Stored data |
━━━━━━
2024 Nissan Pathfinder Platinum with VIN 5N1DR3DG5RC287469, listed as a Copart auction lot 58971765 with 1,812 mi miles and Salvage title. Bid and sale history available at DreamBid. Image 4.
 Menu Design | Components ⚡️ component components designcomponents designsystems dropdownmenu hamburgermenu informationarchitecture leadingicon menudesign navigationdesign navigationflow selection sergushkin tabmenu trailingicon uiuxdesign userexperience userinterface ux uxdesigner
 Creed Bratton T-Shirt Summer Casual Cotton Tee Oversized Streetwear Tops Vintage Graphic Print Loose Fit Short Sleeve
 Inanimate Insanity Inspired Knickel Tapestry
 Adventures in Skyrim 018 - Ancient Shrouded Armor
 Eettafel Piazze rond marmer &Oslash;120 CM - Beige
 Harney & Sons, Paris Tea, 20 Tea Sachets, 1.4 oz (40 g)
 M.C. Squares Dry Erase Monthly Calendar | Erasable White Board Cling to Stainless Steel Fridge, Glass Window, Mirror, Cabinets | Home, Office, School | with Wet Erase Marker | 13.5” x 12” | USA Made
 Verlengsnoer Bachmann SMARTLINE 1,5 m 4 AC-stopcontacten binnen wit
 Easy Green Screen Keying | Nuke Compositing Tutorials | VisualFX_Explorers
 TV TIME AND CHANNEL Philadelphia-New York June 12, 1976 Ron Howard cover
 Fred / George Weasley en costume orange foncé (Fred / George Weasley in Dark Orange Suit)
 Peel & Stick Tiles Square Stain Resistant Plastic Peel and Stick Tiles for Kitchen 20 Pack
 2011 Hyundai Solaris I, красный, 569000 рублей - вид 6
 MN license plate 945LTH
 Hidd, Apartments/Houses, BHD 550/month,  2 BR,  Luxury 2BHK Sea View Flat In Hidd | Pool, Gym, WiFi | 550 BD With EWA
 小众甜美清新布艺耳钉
━━━━━━
Output all the lines above. Keep each one exact.

2024 Nissan Pathfinder Platinum with VIN 5N1DR3DG5RC287469, listed as a Copart auction lot 58971765 with 1,812 mi miles and Salvage title. Bid and sale history available at DreamBid. Image 4.
 Menu Design | Components ⚡️ component components designcomponents designsystems dropdownmenu hamburgermenu informationarchitecture leadingicon menudesign navigationdesign navigationflow selection sergushkin tabmenu trailingicon uiuxdesign userexperience userinterface ux uxdesigner
 Creed Bratton T-Shirt Summer Casual Cotton Tee Oversized Streetwear Tops Vintage Graphic Print Loose Fit Short Sleeve
 Inanimate Insanity Inspired Knickel Tapestry
 Adventures in Skyrim 018 - Ancient Shrouded Armor
 Eettafel Piazze rond marmer &Oslash;120 CM - Beige
 Harney & Sons, Paris Tea, 20 Tea Sachets, 1.4 oz (40 g)
 M.C. Squares Dry Erase Monthly Calendar | Erasable White Board Cling to Stainless Steel Fridge, Glass Window, Mirror, Cabinets | Home, Office, School | with Wet Erase Marker | 13.5” x 12” | USA Made
 Verlengsnoer Bachmann SMARTLINE 1,5 m 4 AC-stopcontacten binnen wit
 Easy Green Screen Keying | Nuke Compositing Tutorials | VisualFX_Explorers
 TV TIME AND CHANNEL Philadelphia-New York June 12, 1976 Ron Howard cover
 Fred / George Weasley en costume orange foncé (Fred / George Weasley in Dark Orange Suit)
 Peel & Stick Tiles Square Stain Resistant Plastic Peel and Stick Tiles for Kitchen 20 Pack
 2011 Hyundai Solaris I, красный, 569000 рублей - вид 6
 MN license plate 945LTH
 Hidd, Apartments/Houses, BHD 550/month,  2 BR,  Luxury 2BHK Sea View Flat In Hidd | Pool, Gym, WiFi | 550 BD With EWA
 小众甜美清新布艺耳钉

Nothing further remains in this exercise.